In Holmes, the Sixth Circuit explained why the granting of new trial motions on the ground that the verdict was against the weight of the evidence are disfavored and, as such, strictly scrutinized:
Where no undesirable or pernicious element has occurred or been introduced into the trial and the trial judge nonetheless grants a new trial on the ground that the verdict was against the weight of the evidence, the trial judge in negating the jury's verdict has, to some extent at least, substituted his judgment of the facts and the credibility of the witnesses for that of the jury. Such an action effects a denigration of the jury system and to the extent that new trials are granted the judge takes over, if he does not usurp, the prime functions of the jury as the trier of the facts. (Citations omitted). Accordingly, this Circuit has determined that a jury's verdict should not be overturned as being against the weight of the evidence unless that verdict was unreasonable.Id.
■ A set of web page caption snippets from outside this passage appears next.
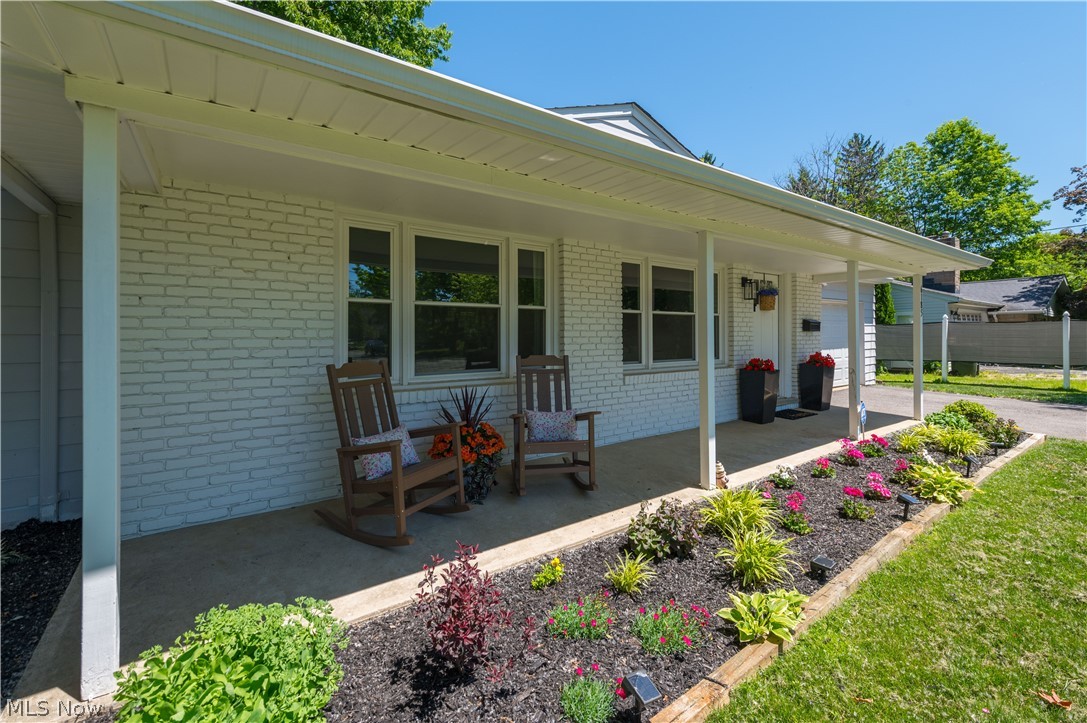 6185 Ridgebury Boulevard Mayfield OH 44124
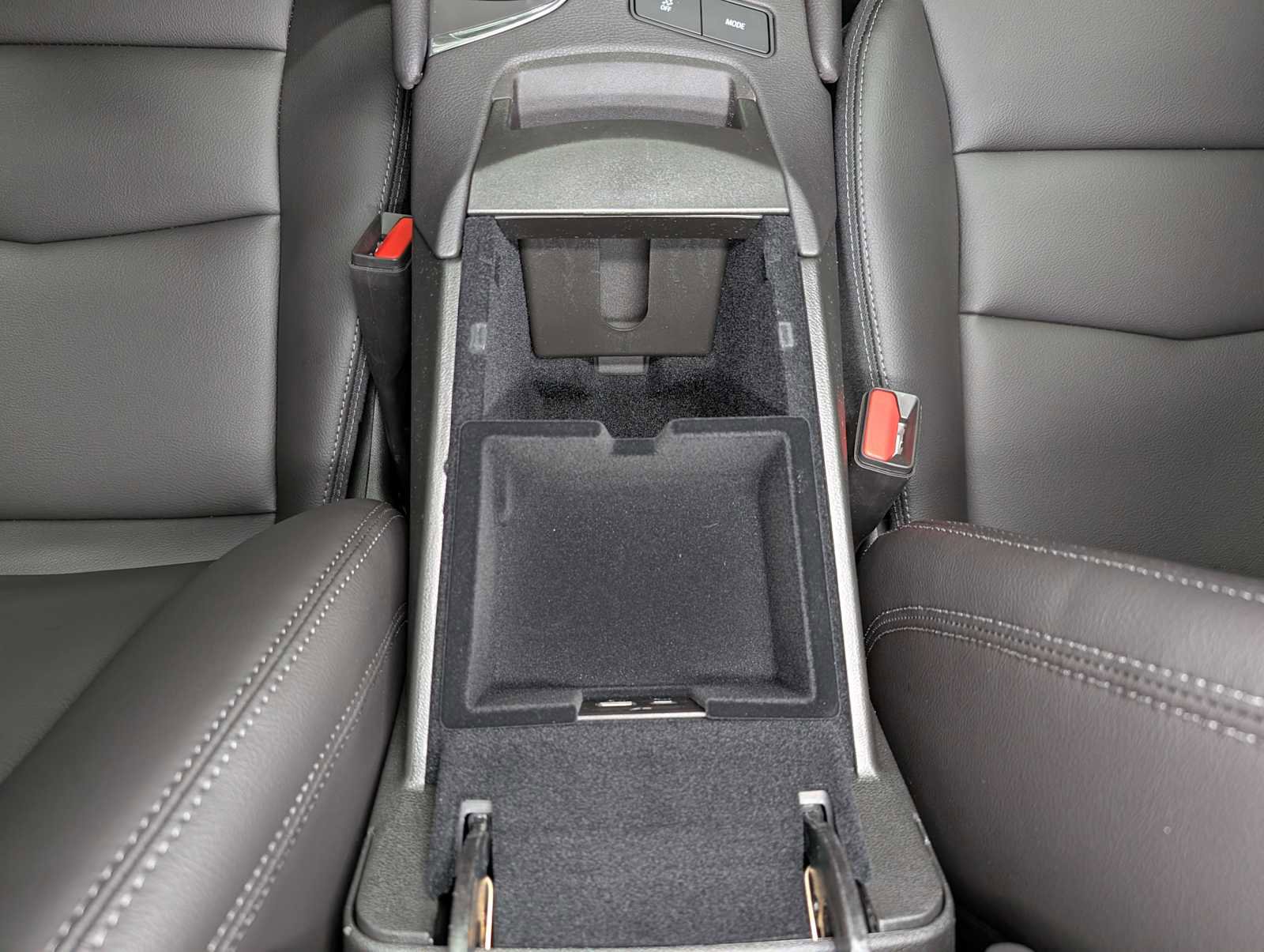 New 2026 Cadillac XT5 Luxury AWD/4WD image 14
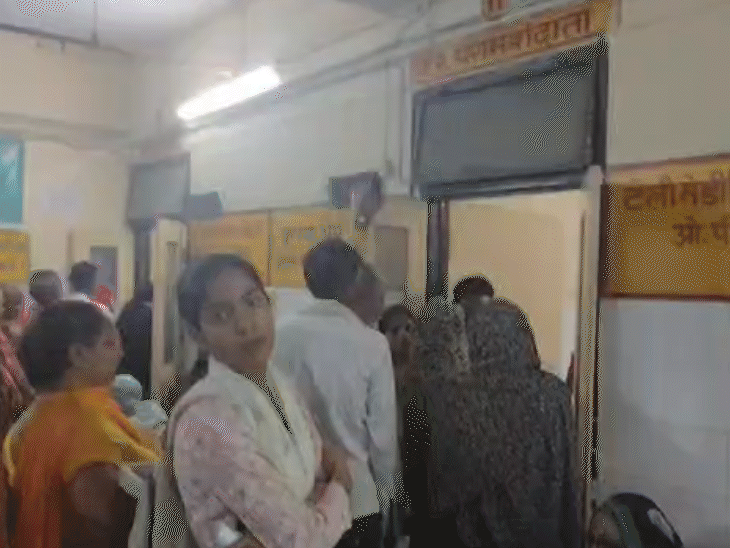 हाथरस में भीषण गर्मी का प्रकोप जारी है। अस्पतालों में उल्टी-दस्त, पेट दर्द और बुखार के मरीज बढ़ गए हैं। जिला अस्पताल की ओपीडी और इमरजेंसी वार्ड में हीटस्ट्रोक के 200 मरीज पहुंचे।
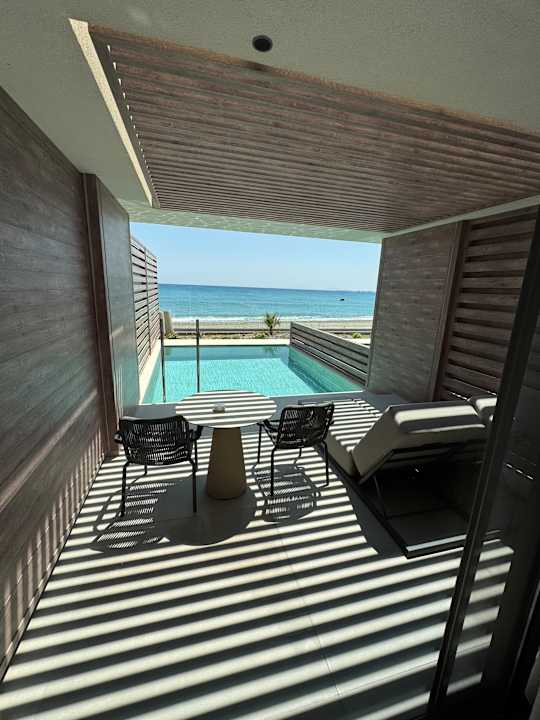 Pool Mosay All Suite Hotel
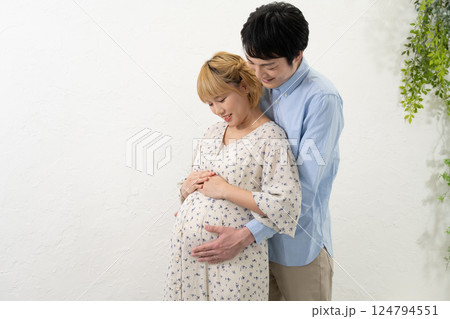 妊娠中の妻に寄り添う夫 妊娠中の妻に寄り添う夫 124794551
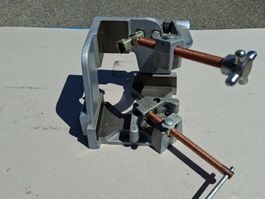 Winkelschraubstock Winkelspanner Rohrspanner 3D-Spanner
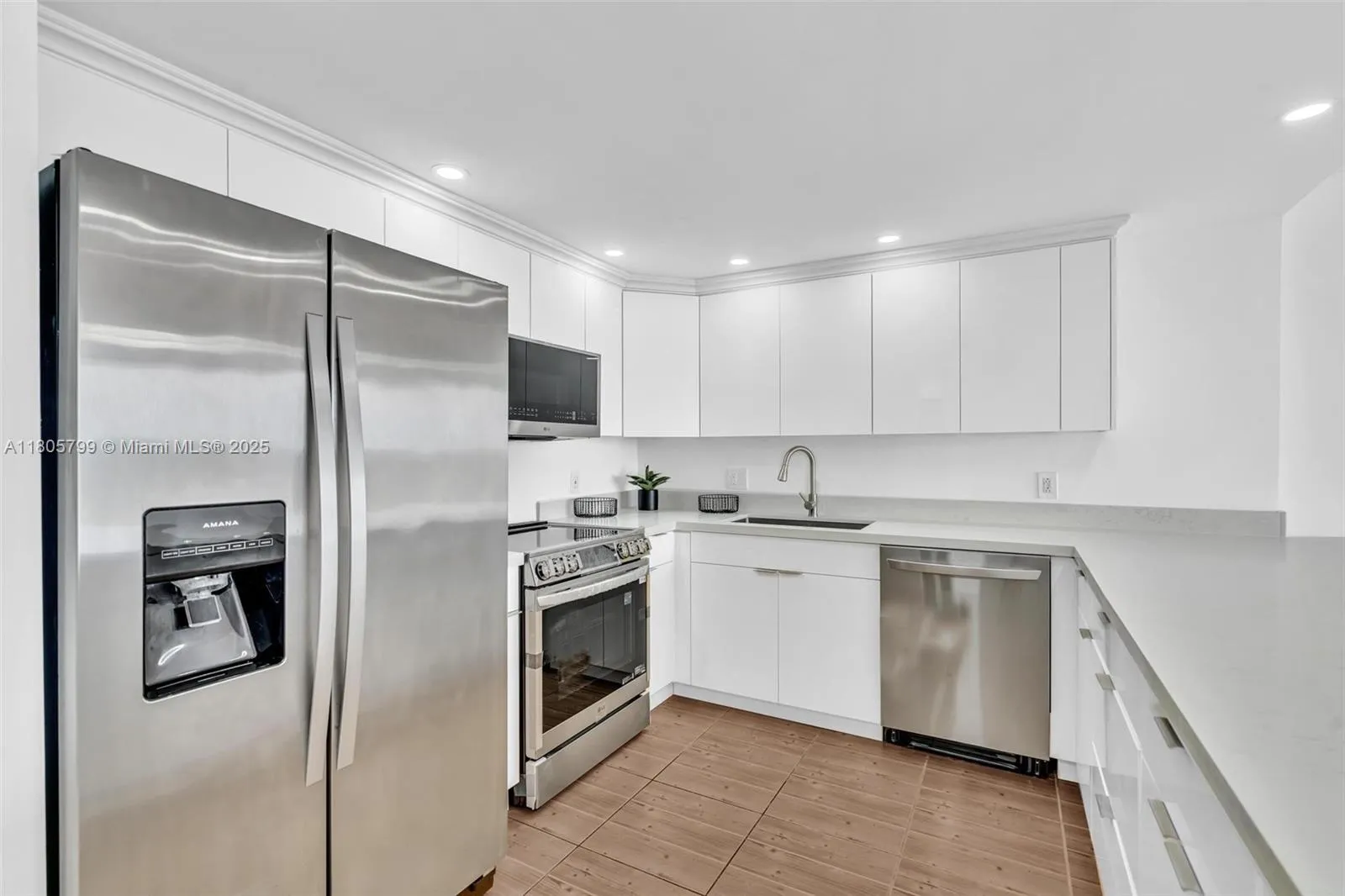 2801 NE 183rd St # 1703W, Aventura FL 33160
As indicated above, the jury's verdict in this case is one that could reasonably have been reached based upon the evidence presented at trial. Therefore, Plaintiff's alternative motion for partial new trial cannot be sustained.
CONCLUSION
For all of the foregoing reasons,IT IS HEREBY ORDERED that Plaintiff's "Motion for Partial Judgment Notwithstanding the Verdict" and his alternative "Motion for Partial New Trial" are DENIED.